Data excerpts Start Marker
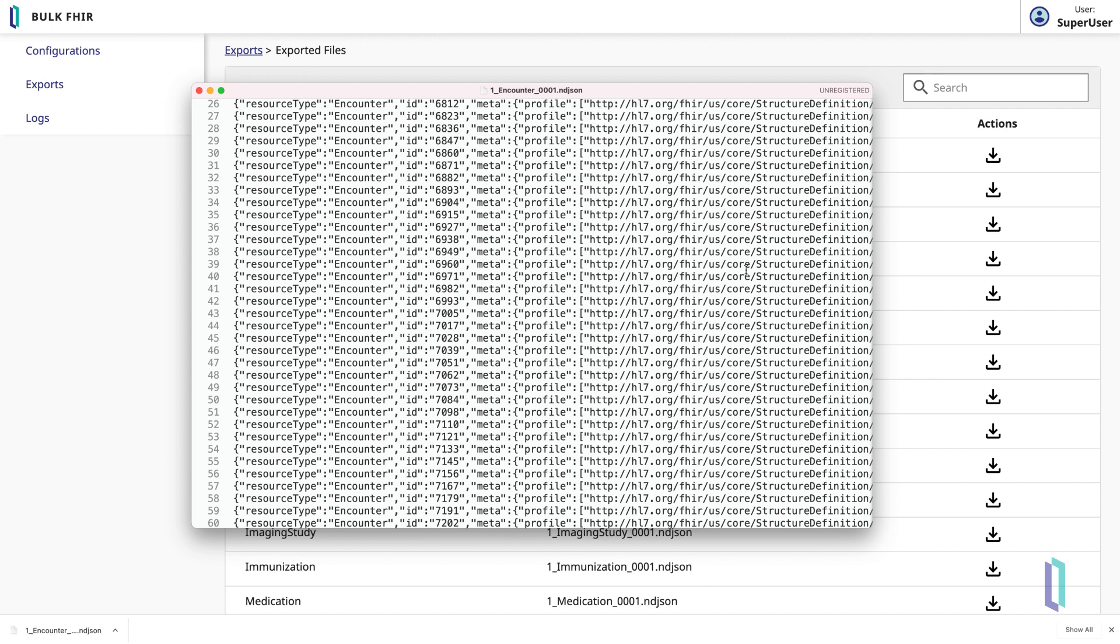Using the Bulk FHIR coordinator to perform massive FHIR exports allows for new opportunities to perform analytics and decision support using FHIR healthcare data, and InterSystems makes configuring a Bulk FHIR server easy.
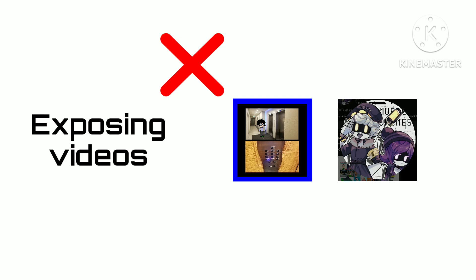Well, I want to make exposing posts rather than exposing videos, because exposing videos causes drama. Anyways, end of rant.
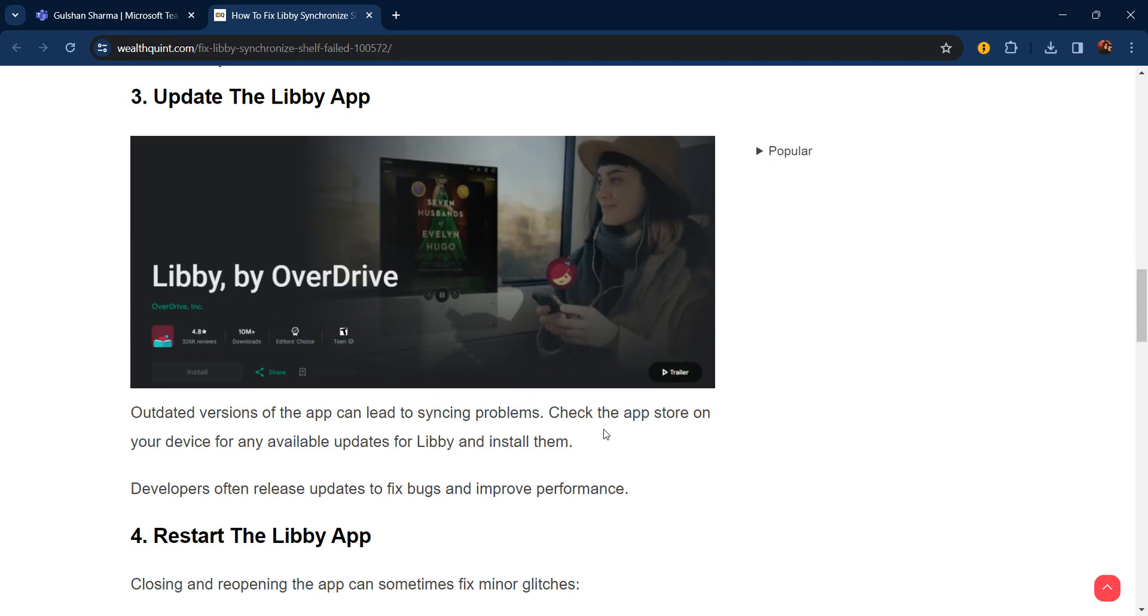The third step is update your Libby app. Outdated versions of the app can lead to syncing problems. Check the app store on your device for any available updates for Libby and install them. Developers often release updates to fix bugs and improve performance.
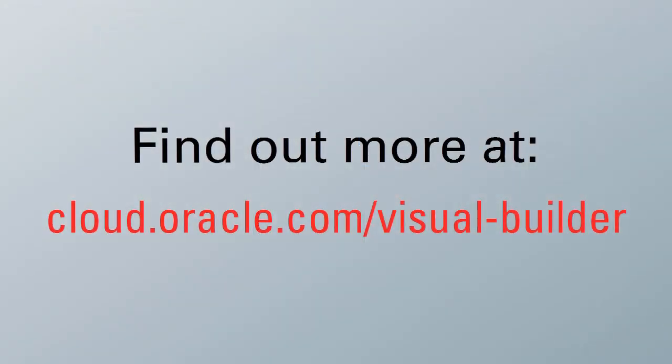For more information, visit us online at cloud.oracle.com/visual-builder.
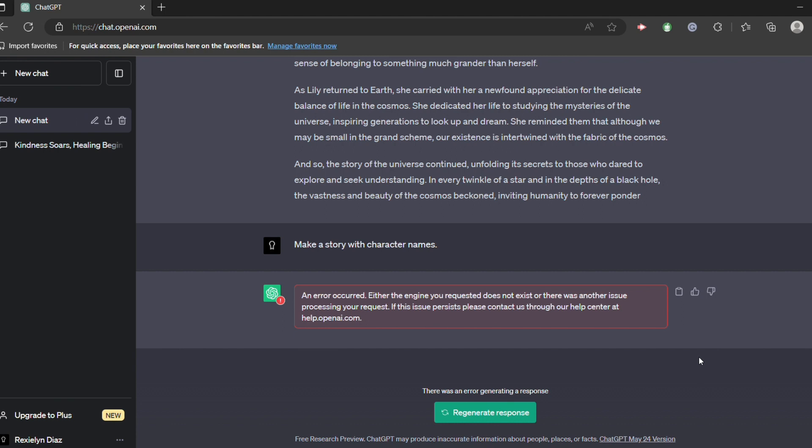So here in our example, it simply says that an error occurred and this includes the network error. It says here that either the engine you requested does not exist or there was another issue processing your request.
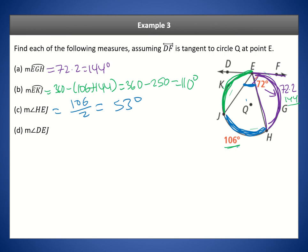Finally for angle DEJ, we use theorem 10.9 — the angle between a tangent and chord. Since the green arc EKJ is 110 degrees, we divide by 2 to get angle DEJ, which is 55 degrees.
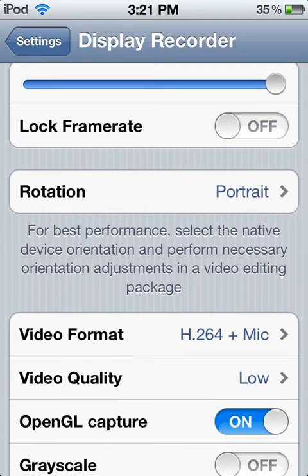Your rotation — keep it on portrait, and just get an app that you can use to change the video rotation.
Data excerpts End Marker
- What is needed
Copy every record exactly as it appears, apart from any pictures.

- Answer to the exercise
Using the Bulk FHIR coordinator to perform massive FHIR exports allows for new opportunities to perform analytics and decision support using FHIR healthcare data, and InterSystems makes configuring a Bulk FHIR server easy.
Well, I want to make exposing posts rather than exposing videos, because exposing videos causes drama. Anyways, end of rant.
The third step is update your Libby app. Outdated versions of the app can lead to syncing problems. Check the app store on your device for any available updates for Libby and install them. Developers often release updates to fix bugs and improve performance.
For more information, visit us online at cloud.oracle.com/visual-builder.
So here in our example, it simply says that an error occurred and this includes the network error. It says here that either the engine you requested does not exist or there was another issue processing your request.
Finally for angle DEJ, we use theorem 10.9 — the angle between a tangent and chord. Since the green arc EKJ is 110 degrees, we divide by 2 to get angle DEJ, which is 55 degrees.
Your rotation — keep it on portrait, and just get an app that you can use to change the video rotation.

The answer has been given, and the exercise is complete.